Sajid Varda, the charity’s founder and CEO, explained the necessity for diversity and more inclusive storytelling within entertainment.
“UK Muslim Film was created as a response to my many years of working within the industry both in front of and behind the camera and realising that Muslims need to be represented at all levels, in writer’s rooms and as commissioners,” said Varda.
Varda is not the first to voice concern over the way Muslims are presented on-screen, Oscar-nominated British actor Riz Ahmed famously stated in his 2017 speech to the UK Parliament, of the historical and widespread failure to champion diversity on screen.
Ahmed, the first Muslim to be nominated for Best Actor by the Academy Awards this year for his performance in the Sound of Metal, explained that the audience would “switch off” from mainstream society if they did not see themselves being authentically represented.
“People are looking for the message that they belong, that they are part of something, that they are seen and heard and that despite, or perhaps because of their experience, they are valued,” said Ahmed.
Whilst, in Australia these challenges also extend to Culturally Linguistically Diverse (CLAD) communities alongside Indigenous talent seeking to gain a foothold within screenplay.

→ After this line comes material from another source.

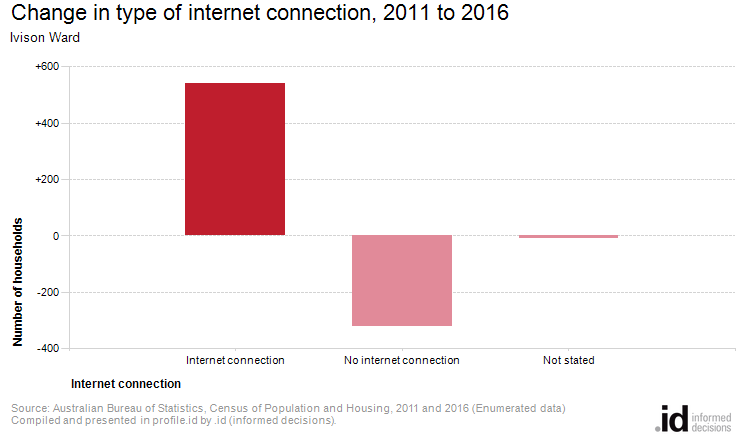 Change in type of internet connection, 2011 to 2016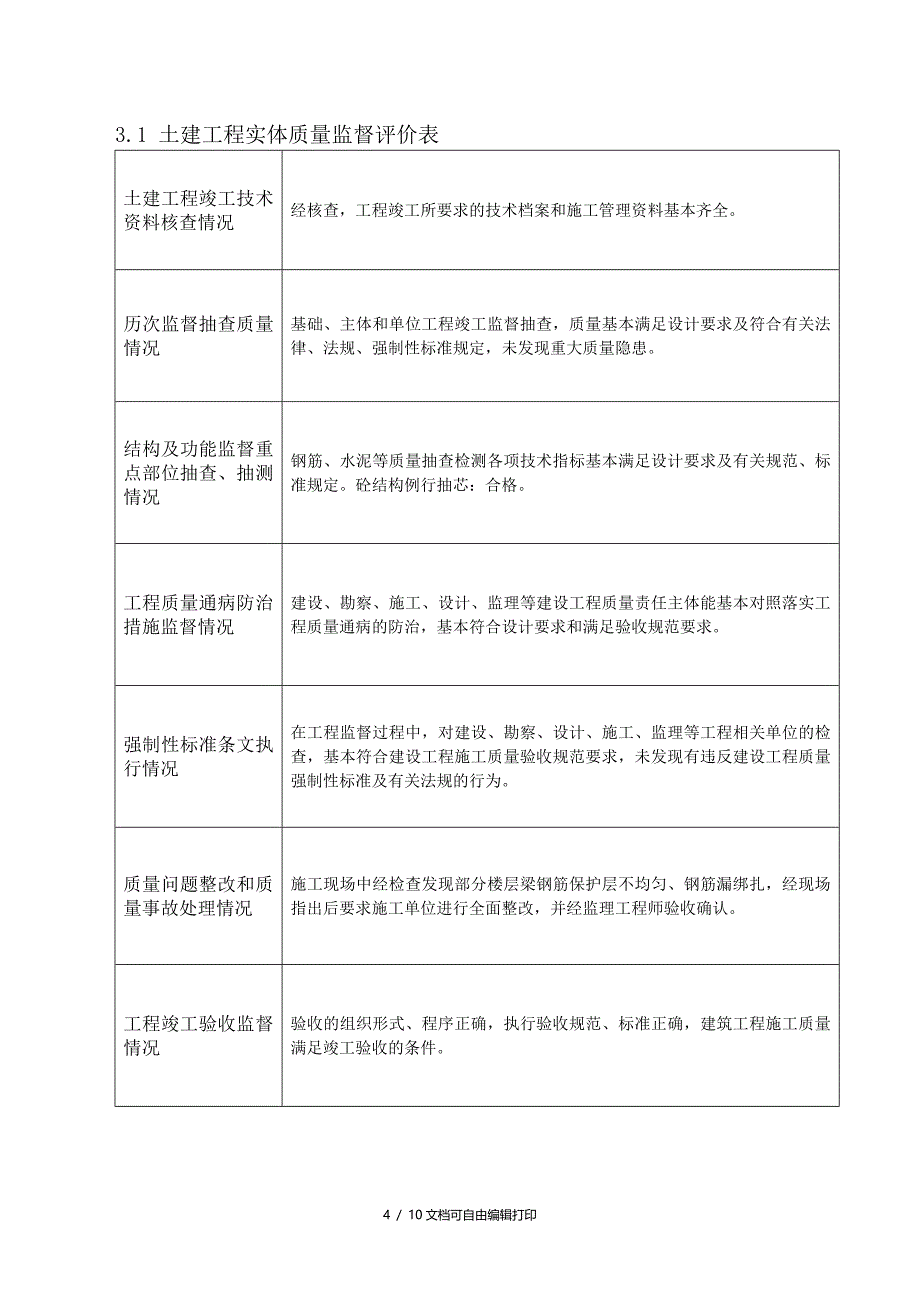 二期仓库1工程质量监督报告样本填写_第4页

Presenting three-dimensional representation only enriches an audience experience by enhancing cultural awareness.Indeed, greater exposure to diverse narratives of underrepresented communities can create opportunities within the creative arts.
Seeking to establish a more inclusive entertainment industry, the UK Muslim Film seeks to facilitate connections between decision-makers, creatives and crew members; ensuring that fair hiring practices pave the way for under-represented groups.
Jen Smith, the BFI’s Head of Inclusion expressed her delight to host the event and her encouragement to support budding talent.
“What we do in the screen industry matters. Imagery is persuasive…By expanding our industry to be more inclusive to Muslims and exploring intersectionality within Muslim communities we get to tap into more audience growth and global markets as well as a richness of creativity.”